*WHAT TO PRODUCE*:
Scan the records below for the line with "Callaway Jaws Raw" and the line with "GAME OF THRONES", and retype that range exactly, both ends included, pictures excepted.

*MATERIAL SUPPLIED*:
☆ ☆ ☆ ☆ ☆ ☆ ☆

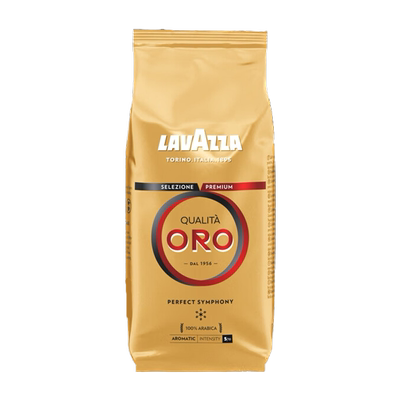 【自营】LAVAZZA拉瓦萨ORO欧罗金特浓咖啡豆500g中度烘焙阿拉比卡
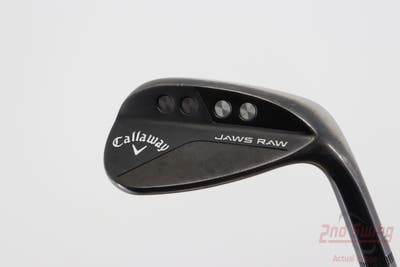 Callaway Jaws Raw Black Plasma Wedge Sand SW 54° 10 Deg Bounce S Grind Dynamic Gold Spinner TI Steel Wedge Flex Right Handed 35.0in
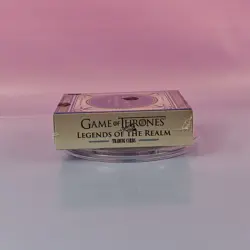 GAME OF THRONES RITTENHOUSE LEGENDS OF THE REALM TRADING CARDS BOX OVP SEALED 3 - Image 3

☆ ☆ ☆ ☆ ☆ ☆ ☆

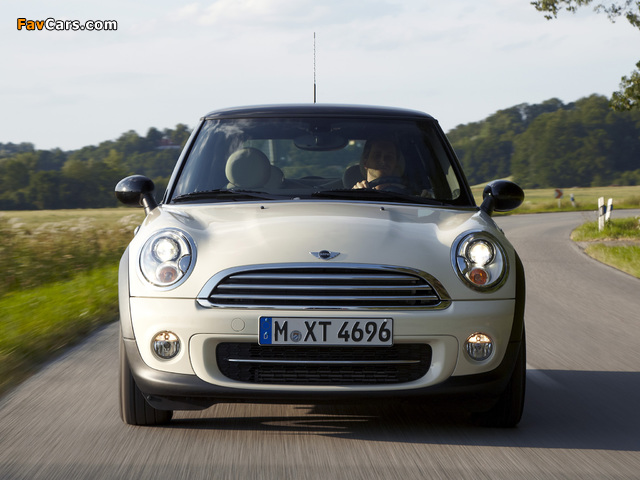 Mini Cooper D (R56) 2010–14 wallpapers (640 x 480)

☆ ☆ ☆ ☆ ☆ ☆ ☆

*SOLVED PROBLEM*:
 Callaway Jaws Raw Black Plasma Wedge Sand SW 54° 10 Deg Bounce S Grind Dynamic Gold Spinner TI Steel Wedge Flex Right Handed 35.0in
 GAME OF THRONES RITTENHOUSE LEGENDS OF THE REALM TRADING CARDS BOX OVP SEALED 3 - Image 3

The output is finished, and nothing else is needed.